The study authors analyzed the frequency, duration and intensity (maximum wind speed) of hurricanes over the past 35 years in the five major ocean basins. The time period 1970 to 2005 was chosen because equivalent data was available for all years.
The number and frequency of hurricanes grew until 1995, then fell after that, leaving the overall rate steady.
The largest increases in intensity occurred in the North Pacific, Indian and Southwest Pacific Oceans, while the smallest percentage increase occurred in the North Atlantic.
"In all basins including the Atlantic, category 4 and 5 hurricanes have increased enormously, almost by a factor of two," Webster said. "It's not too far from the imagination to be able to ascribe changes in hurricane intensity to SST [sea surface temperatures]."
Hurricanes are rated on a scale of one to five, based on the Saffir/Simpson Hurricane Scale. A category 1 storm has winds ranging from 74 to 95 mph; a category 5 hurricane has winds exceeding 155 mph.
The number of category 1 hurricanes remained about the same, the study found, while the most severe hurricanes have not become any more intense.
Landsea contested some of the data and some of the findings.
"At the start of the study, in 1970, there was no way to even estimate what the winds were of hurricanes over open oceans," he said.
And information on the Atlantic, where planes have been flying since the 1960s, should be the most reliable and that's showing the smallest change of all six ocean basins, he pointed out.
Also, Landsea said, it makes no sense that there would be more category 4 and 5 storms yet no change in peak winds. "Other studies suggest that if global warming is going to have an impact, that the strongest hurricanes will get even stronger and we're not seeing that," he said.
According to Landsea, one of the best studies on what might happen in the future suggests that, in 100 years, a doubling of carbon dioxide and methane in the atmosphere and a 3 to 4 degree warming of the ocean temperature would cause an increase in winds and overall rainfall on the order of only 5 percent.
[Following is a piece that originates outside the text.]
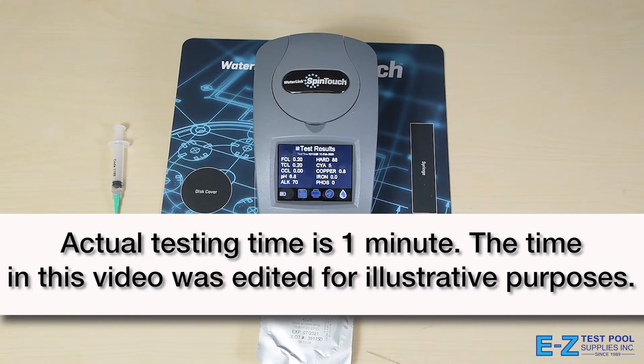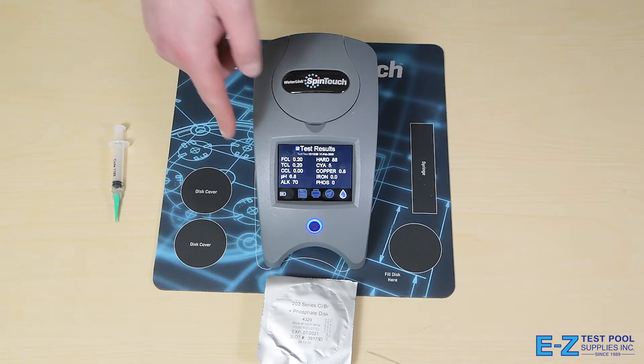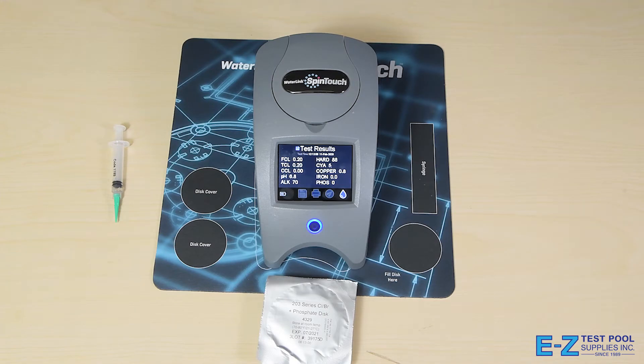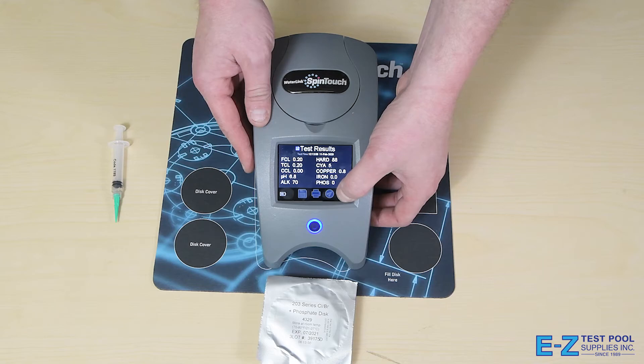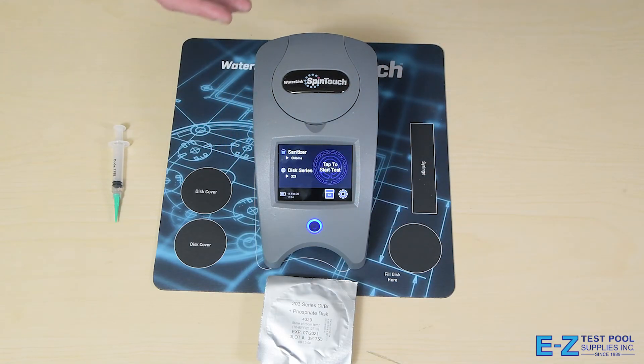Just like that, our test is finished. As you can see, the screen will provide all of the results on all the levels I just mentioned. This is great and with the provided app or the computer software, you're able to send them to it and have detailed descriptions on how to remedy. With that software, you're able to put in customer and your business information as well as your own chemical line to recommend the proper dosages.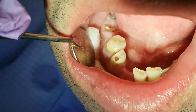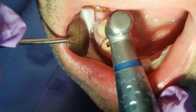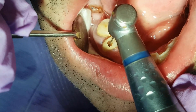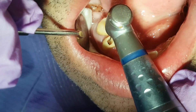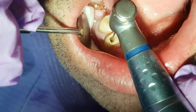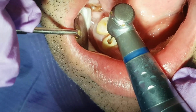We take out the nerve — this ends the extirpation phase of the nerve tissue. Now we use an instrument to shape the root canals so we can fill them with a definitive filling in the next session. We can do this using hand instruments, but in this case we use machine instruments.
"The global warming impacts are so tiny today that they can't be measured although they might be measured in 100 years," Landsea said. "Compared to the natural swings of hurricane activity and compared to the huge population increase and infrastructure build-up along the coast, any global warming effects are likely to be so tiny that they're lost in the noise."
But the study authors dispute such thinking.
"We do see this trend in SST that's relentlessly rising and the hurricane intensity that's relentlessly rising. So, with some confidence, we can say that these two things are connected and there's probably a substantial contribution from greenhouse warming and not just a natural variability," said Judith Curry, another co-author and chairwoman of Georgia Tech's School of Earth and Atmospheric Sciences.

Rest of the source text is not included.